Maurice est un roman qui m’a littéralement happée. Dans cette chronique sociale des années 20, E.M. Forster traite de l’homosexualité avec une grande intelligence et une grande finesse. On frôle parfois un brin la caricature (ce qui est du sans doute à sa volonté d’entrecroiser les trajectoires des personnages), mais son regard sur la naissance d’un amour certes interdit, mais d’un amour reste plein d’humanité.

Ceci dit, le couple formé par Clive et Maurice, leur amour naissant puis mourant est surtout le prétexte à une étude sociale comme Forster sait les faire. Le sujet central du roman, outre l’homosexualité, est le poids des conventions sociales sur les êtres. J’ai trouvé intéressant le cheminement des personnages.

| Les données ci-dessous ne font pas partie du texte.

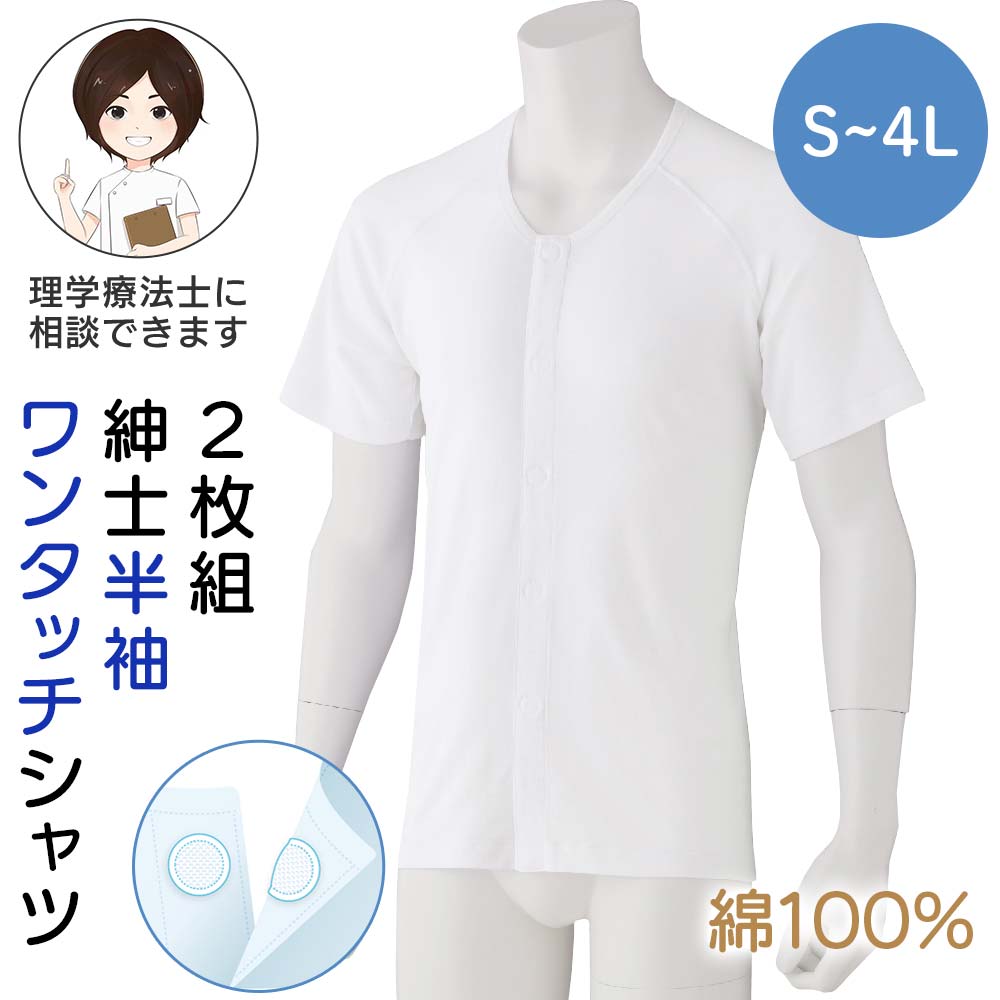 Item Information ワンタッチテープで着替えやすい ★紳士半袖ワンタッチシャツ カラー：ホワイト 対応サイズ 【S】胸囲80-88cm・胴囲68-76cm 【M】胸囲88-96cm・胴囲76-84cm 【L】胸囲96-104cm・胴囲84-94cm 【LL】胸囲104-112cm・胴囲94-104cm 【3L】胸囲108-116cm・胴囲98-108cm 【4L】胸幅112-120cm・胴囲104-114cm 平置きサイズ(cm) 【S】裄丈41・胸囲84・着丈68/75 【M】裄丈42・胸囲89・着丈70/77 【L】裄丈44・胸囲95・着丈72/79 【LL】裄丈46・胸囲101・着丈74/81 【3L】裄丈48・胸囲113・着丈76/83 【4L】裄丈50・胸囲120・着丈78/85 綿100％ 日本企画中国製 【理学療法士池田のおすすめポイント！】 ・ワンタッチテープなので自分で肌着を脱ぎ着をしたい方におすすめです。 ・着替え時間も短くて済み、介助する方もされる方も負担を軽減できます。 ・とっても肌に優しい3つのポイント 〇綿100％ 〇縫い目が外側 〇洗濯表示などがプリントされていてタグがありません。 ・ラグラン袖なので、肩が動かし易く、そでぐりにゆとりが出るためラクに腕が通ります。 ・後ろ身ごろ長めで、腰や背中が曲がってきた方でも背中が見えにくいです。 ・抗菌防臭加工 "※商品画像は出来る限り現物の色味に調整しておりますが、ご覧になっているモニター・PC環境により実際の商品と色味が異なって見える場合がございます。ご了承の上お買い求め下さい。 sa3495-035-98001(241015-o)はじめての方へ最初は1〜2着からお試しください 関連ワード 紳士半袖ワンタッチシャツ 2枚組 S-4L 肌着 半袖 インナー 綿100% 前開き 丈長め 男性 紳士 メンズ 下着 入院 診察 楽 綿100％ 綿100 綿 コットン 前開き 着脱がラク 四十肩 五十肩 秋 冬 春 夏 オールシーズン S M L LL 3L 4L 介護 前開き 肌着 紳士 ワンタッチ肌着 メンズ シャツ 介護用肌着 マジックテープ 半袖 綿100% 介護下着 インナー 入院 シャツ 下着 男性 抗菌 防臭 ホワイト
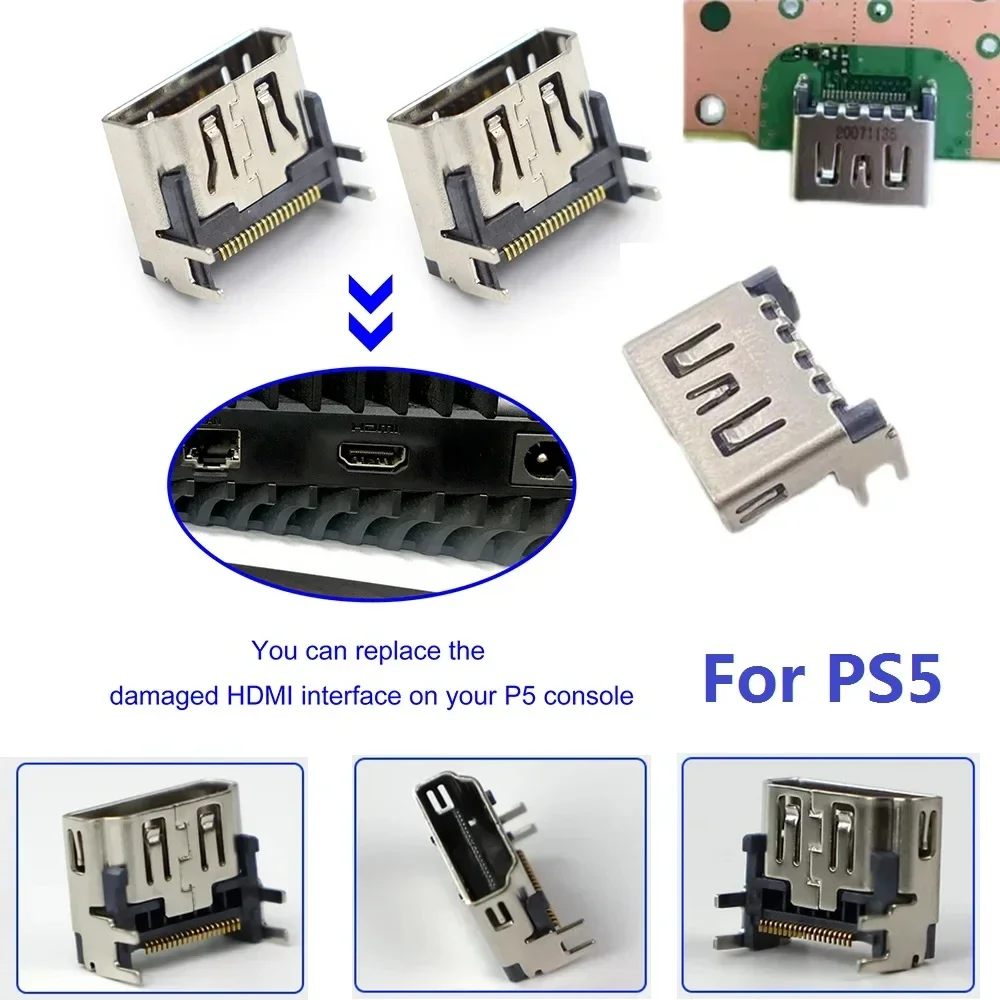 HDMI порт для PS5 5-10 шт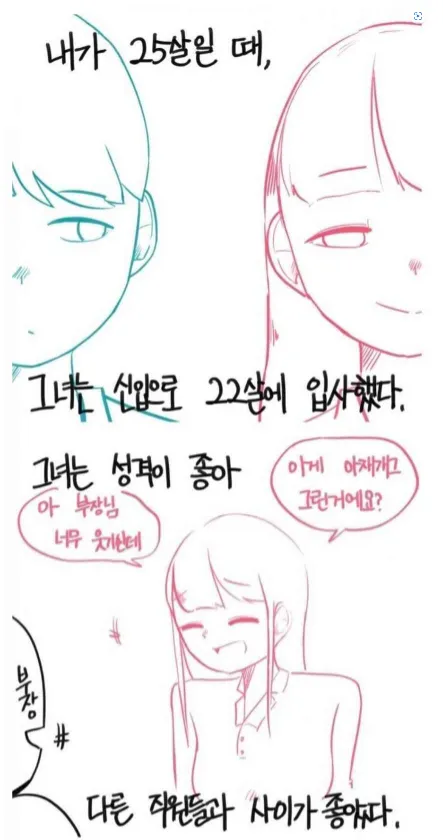 사내연애하는데 정말 중요한 일이라며 회의실로 데려간.manhwa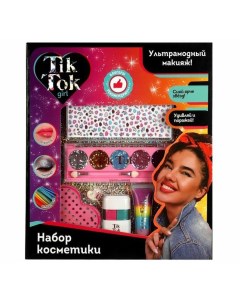 Набор косметики для детей 6 предметов Tik tok girl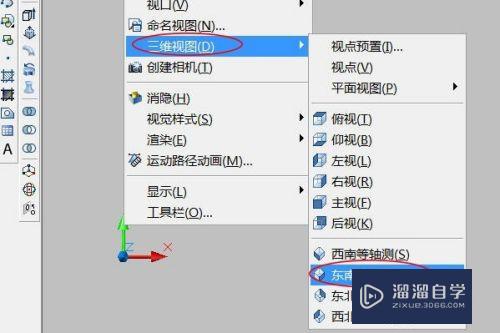 关于使用AutoCAD进行三维建模的入门知识介绍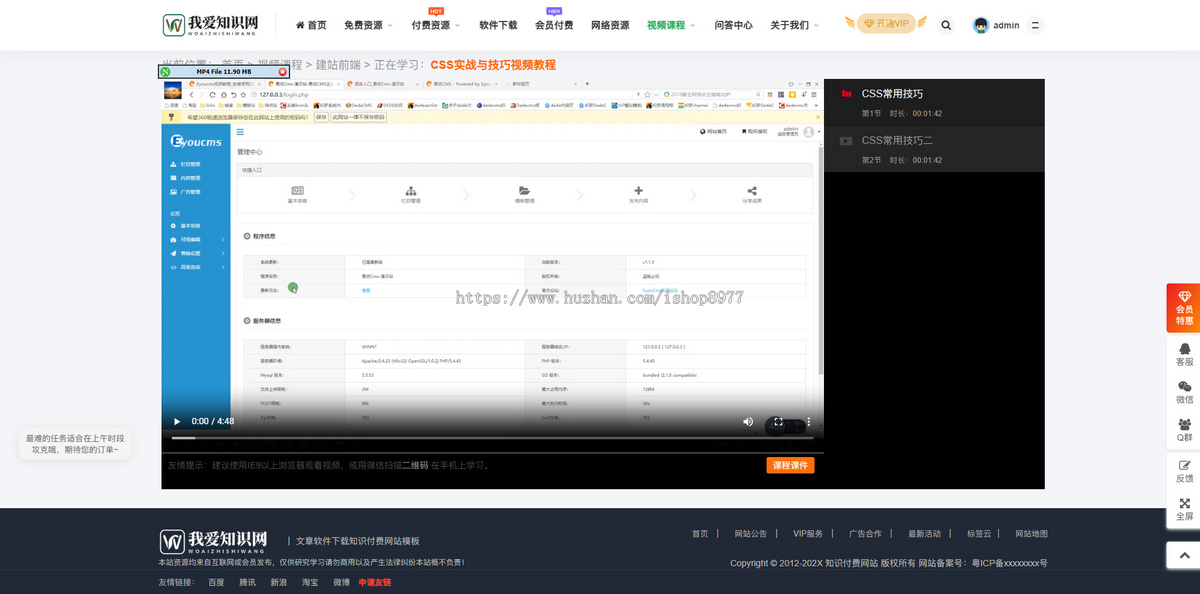 php虚拟资源会员付费 办公素材程序文章软件下载视频付费查看知识付费网站源码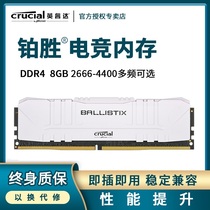 Micron Enright 8g ddr4 2400 2666 3000 3200 3600 Desktop Memory Bar C9BJZ
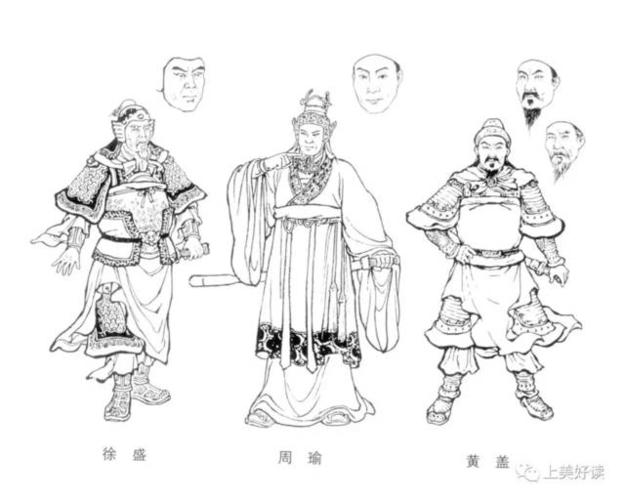2017上海书展 | 10个瞬间,记住连环画《三国演义》出版60年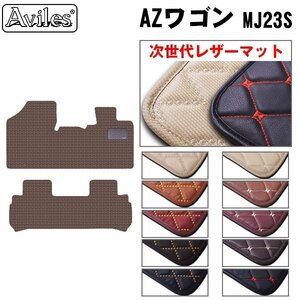 次世代のレザー フロアマット マツダ AZワゴン MJ23系 AT車 H20.09-24.12【全国一律送料無料】【10色より選択】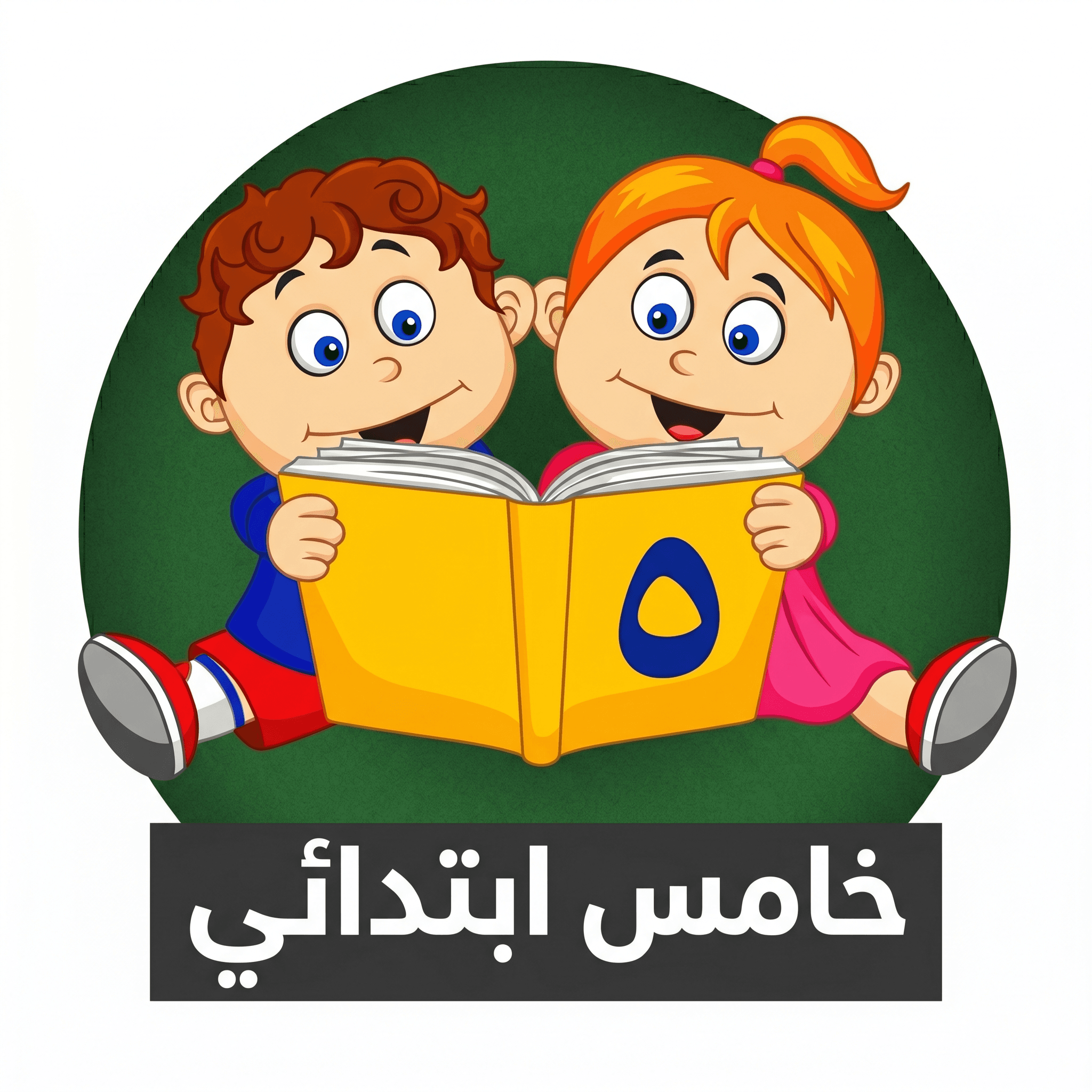 الصف الخامس الابتدائي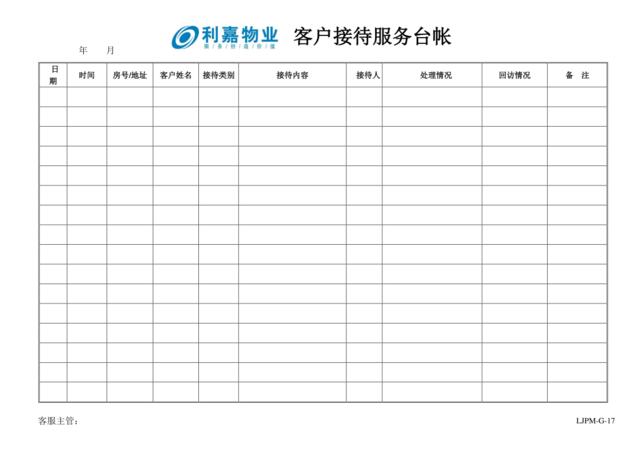 G17客户服务接待台帐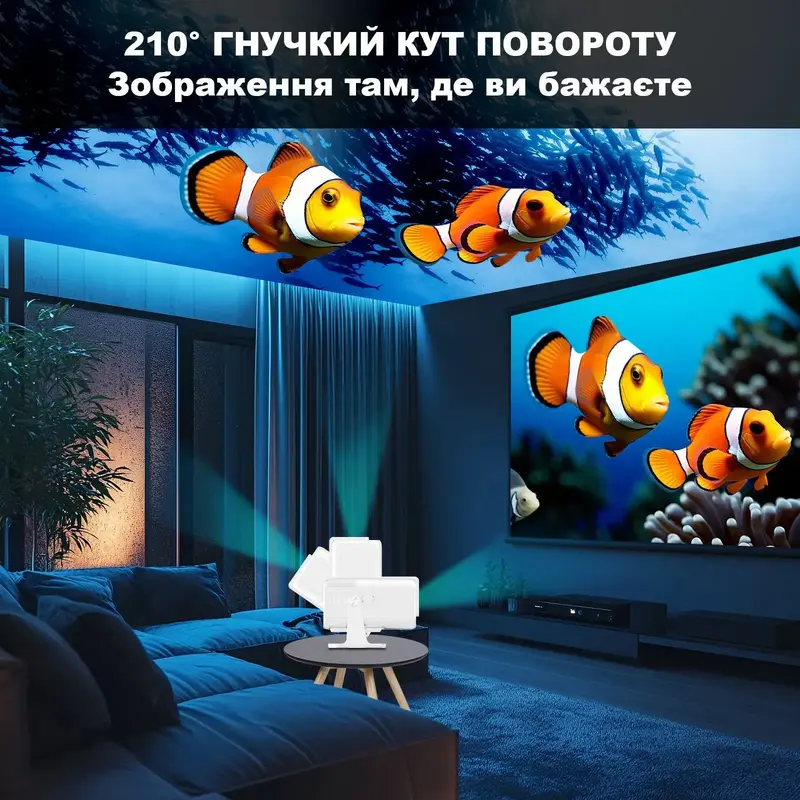 Проєктор BRAVIS V1 - фото - №6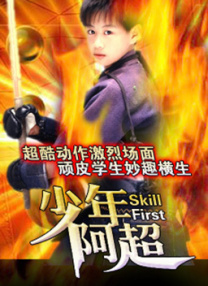 亚洲在线看片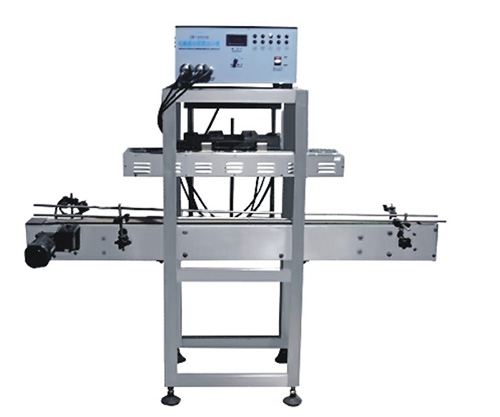 4000B鋁箔封口機(jī)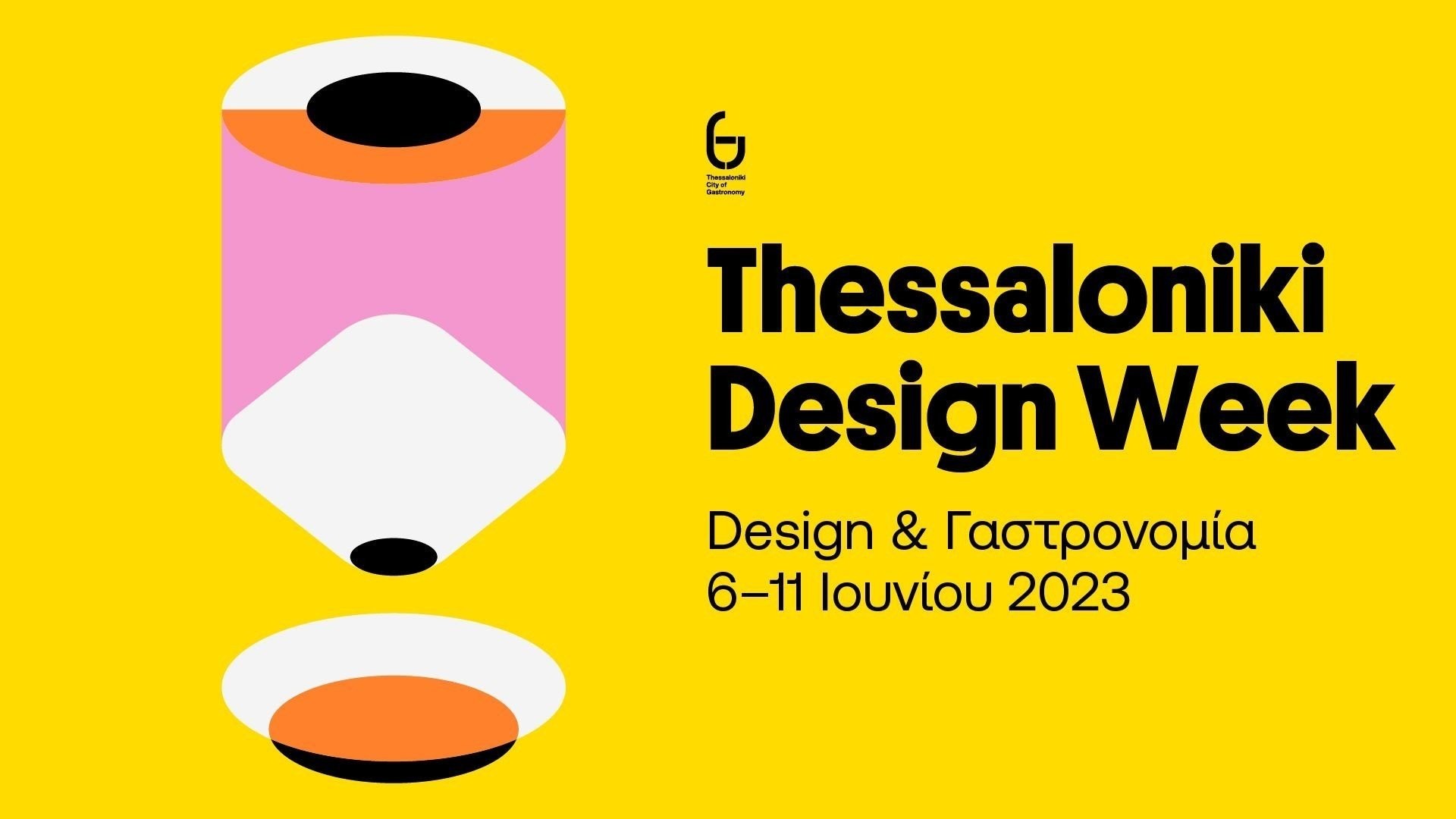 thessaloniki-design-week-logo-yvXms.jpg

Clive le libre-penseur, le premier à avoir admis sa différence, l’initiateur qui finalement se laisse rattraper par la société. Pris dans un carcan dont il a conscience, il y cède pourtant. D’ailleurs, on peut se demander dans quelle mesure il s’était libéré de ces carcans, tant son acceptation de son homosexualité restait intellectuelle et platonique. Il s’intègre, mais au prix de la perte de soi. Et son attitude n’est pas exempte de paradoxe. Le rejet qu’il risque par l’amour interdit qu’il porte à Maurice, il le reporte sur les femmes avec une misogynie hallucinante, représentative de l’époque mais exacerbée. Le politicien qu’il devient n’est que préjugés.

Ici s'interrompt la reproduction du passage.